═══ Provided records

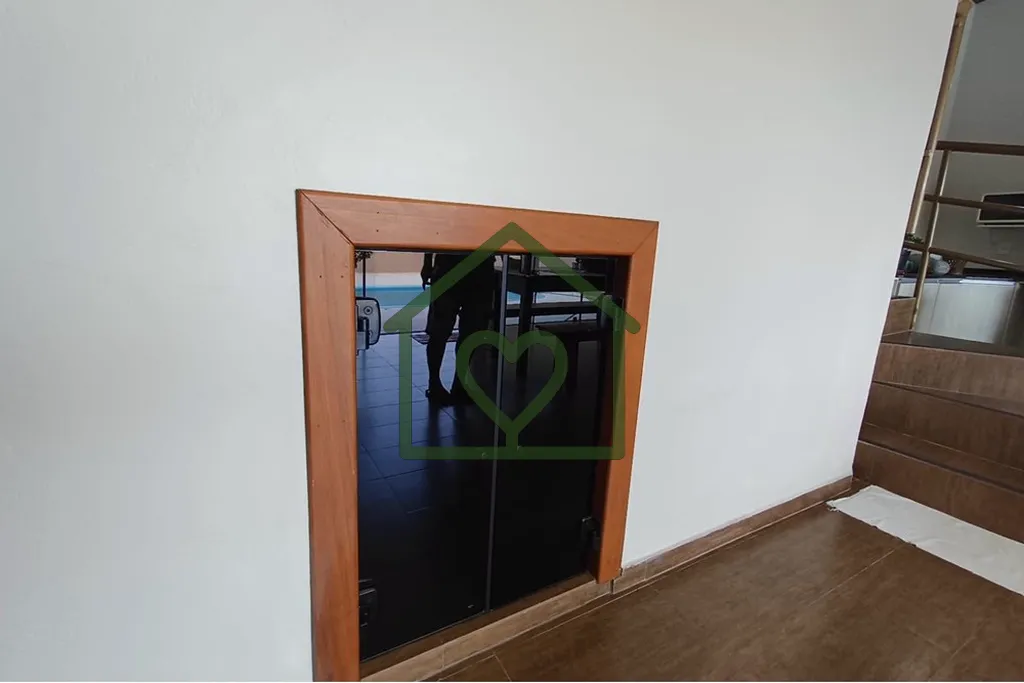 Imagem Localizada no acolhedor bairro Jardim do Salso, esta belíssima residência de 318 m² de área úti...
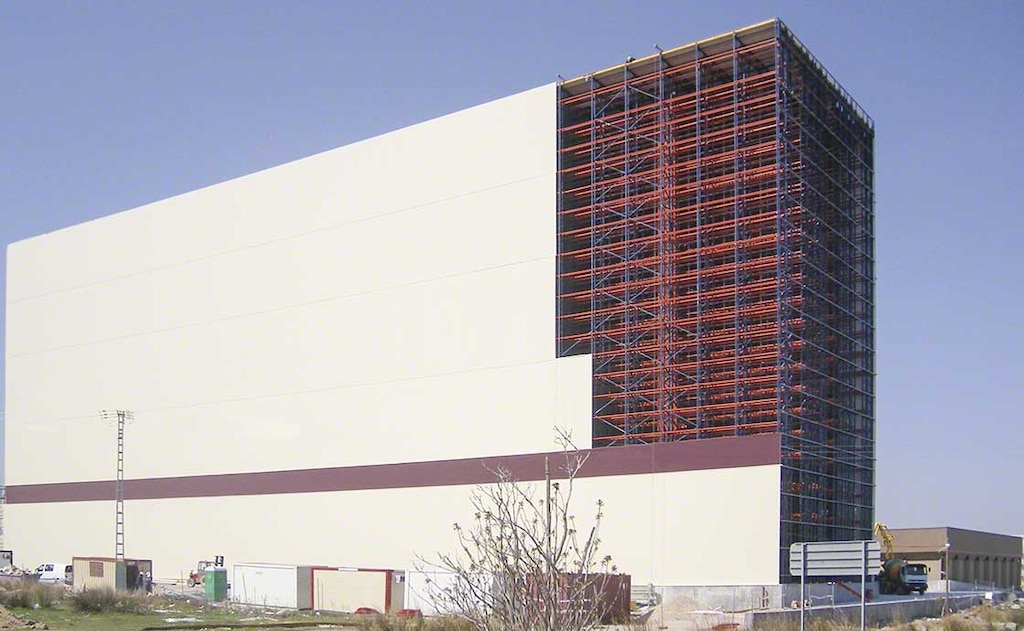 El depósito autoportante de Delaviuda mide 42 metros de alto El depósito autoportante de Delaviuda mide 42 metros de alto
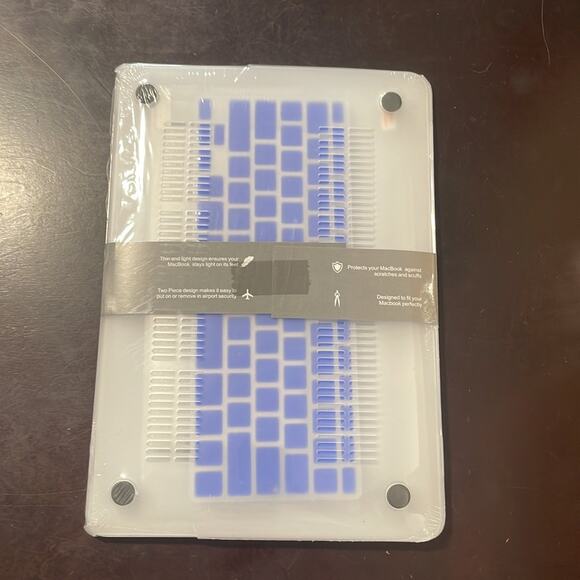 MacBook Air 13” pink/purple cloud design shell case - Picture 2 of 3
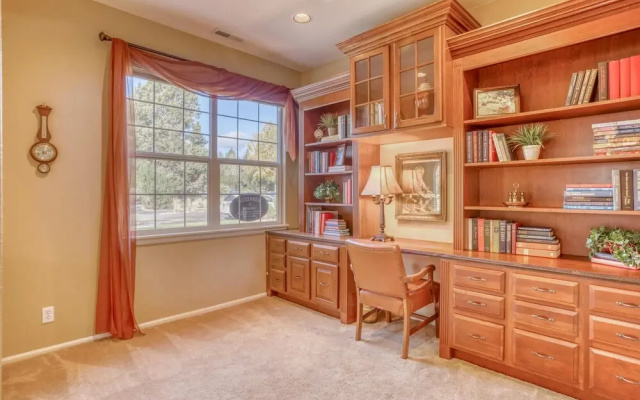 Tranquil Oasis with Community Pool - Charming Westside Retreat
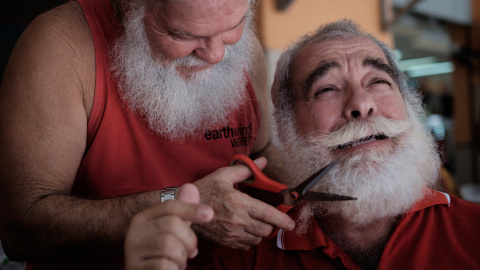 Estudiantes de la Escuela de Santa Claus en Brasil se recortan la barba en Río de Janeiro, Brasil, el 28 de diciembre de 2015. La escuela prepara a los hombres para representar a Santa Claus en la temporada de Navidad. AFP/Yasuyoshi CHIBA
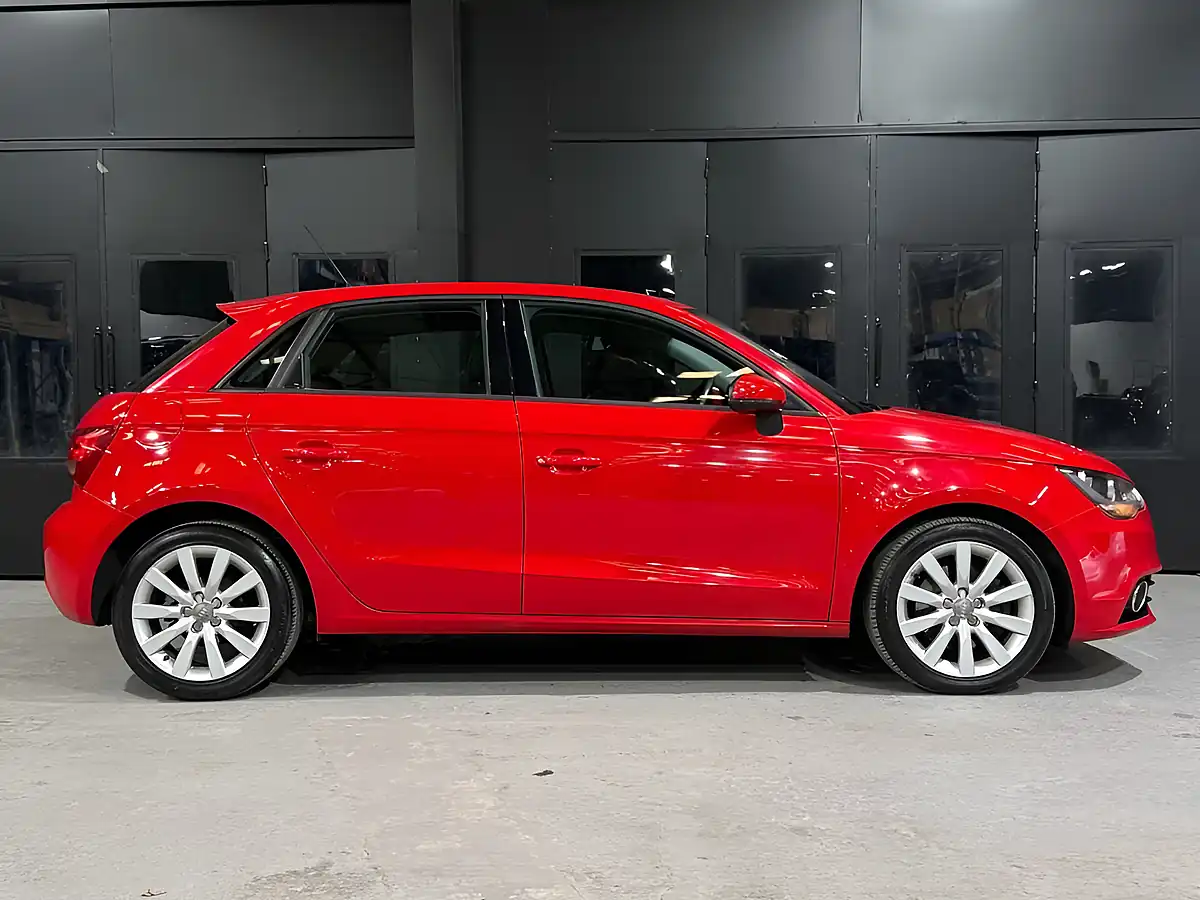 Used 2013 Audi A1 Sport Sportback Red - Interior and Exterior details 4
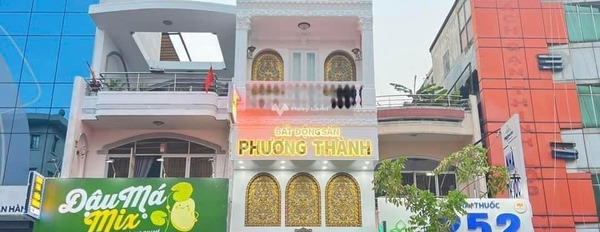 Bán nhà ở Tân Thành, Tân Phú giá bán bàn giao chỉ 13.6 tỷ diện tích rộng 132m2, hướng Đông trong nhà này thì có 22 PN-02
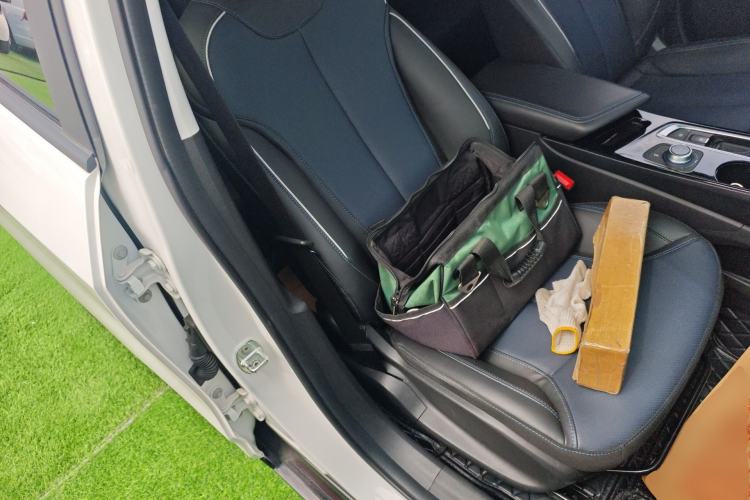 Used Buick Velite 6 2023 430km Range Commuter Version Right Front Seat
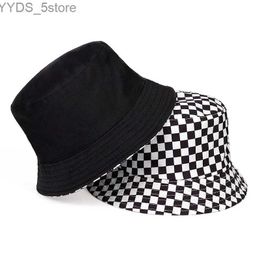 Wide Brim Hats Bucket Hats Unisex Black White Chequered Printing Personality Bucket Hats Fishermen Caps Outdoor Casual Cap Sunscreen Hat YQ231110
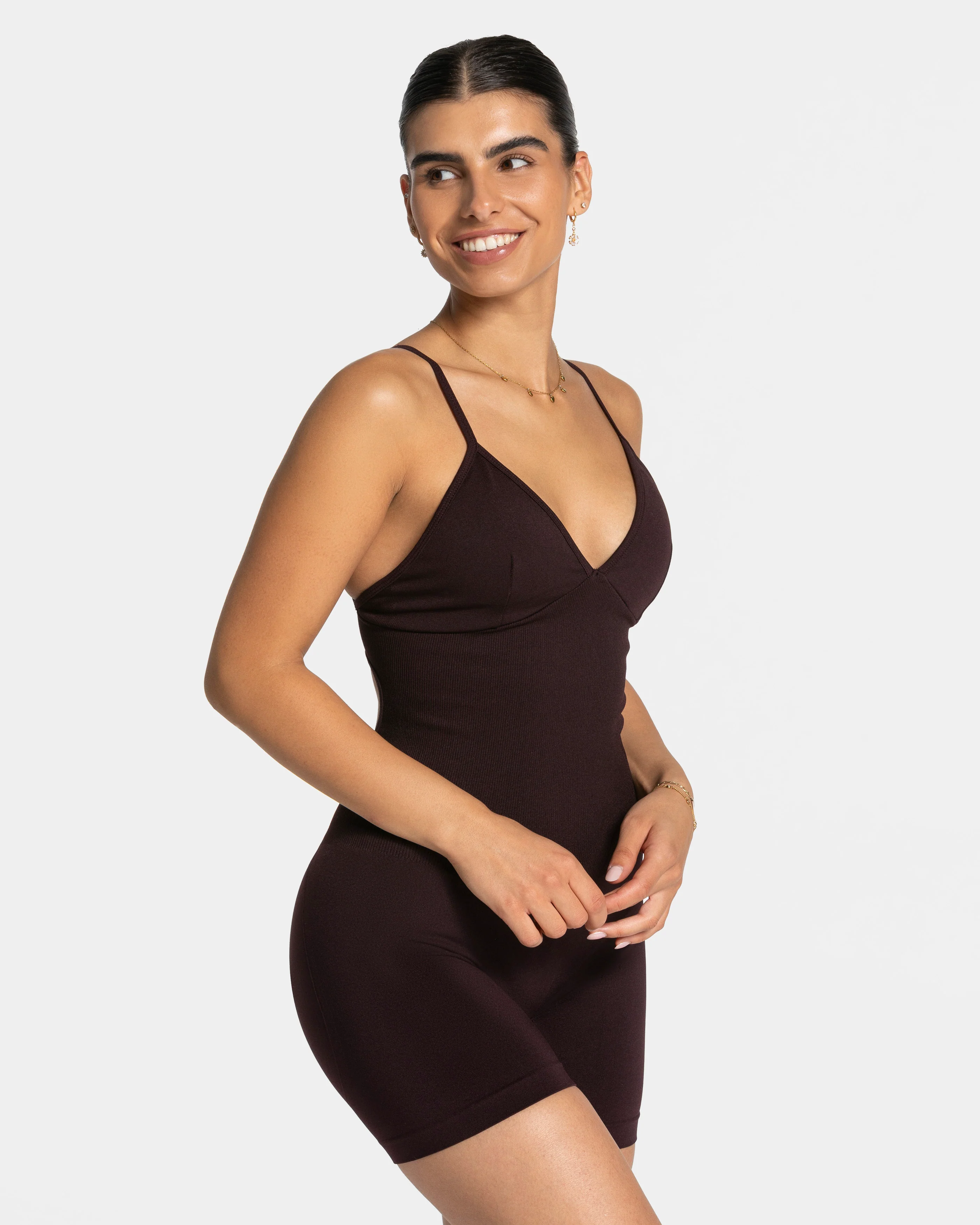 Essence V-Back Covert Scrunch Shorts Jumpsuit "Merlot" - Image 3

══════

The response is the full listing, copied exactly, with the pictures omitted.

 Imagem Localizada no acolhedor bairro Jardim do Salso, esta belíssima residência de 318 m² de área úti...
 El depósito autoportante de Delaviuda mide 42 metros de alto El depósito autoportante de Delaviuda mide 42 metros de alto
 MacBook Air 13” pink/purple cloud design shell case - Picture 2 of 3
 Tranquil Oasis with Community Pool - Charming Westside Retreat
 Estudiantes de la Escuela de Santa Claus en Brasil se recortan la barba en Río de Janeiro, Brasil, el 28 de diciembre de 2015. La escuela prepara a los hombres para representar a Santa Claus en la temporada de Navidad. AFP/Yasuyoshi CHIBA
 Used 2013 Audi A1 Sport Sportback Red - Interior and Exterior details 4
 Bán nhà ở Tân Thành, Tân Phú giá bán bàn giao chỉ 13.6 tỷ diện tích rộng 132m2, hướng Đông trong nhà này thì có 22 PN-02
 Used Buick Velite 6 2023 430km Range Commuter Version Right Front Seat
 Wide Brim Hats Bucket Hats Unisex Black White Chequered Printing Personality Bucket Hats Fishermen Caps Outdoor Casual Cap Sunscreen Hat YQ231110
 Essence V-Back Covert Scrunch Shorts Jumpsuit "Merlot" - Image 3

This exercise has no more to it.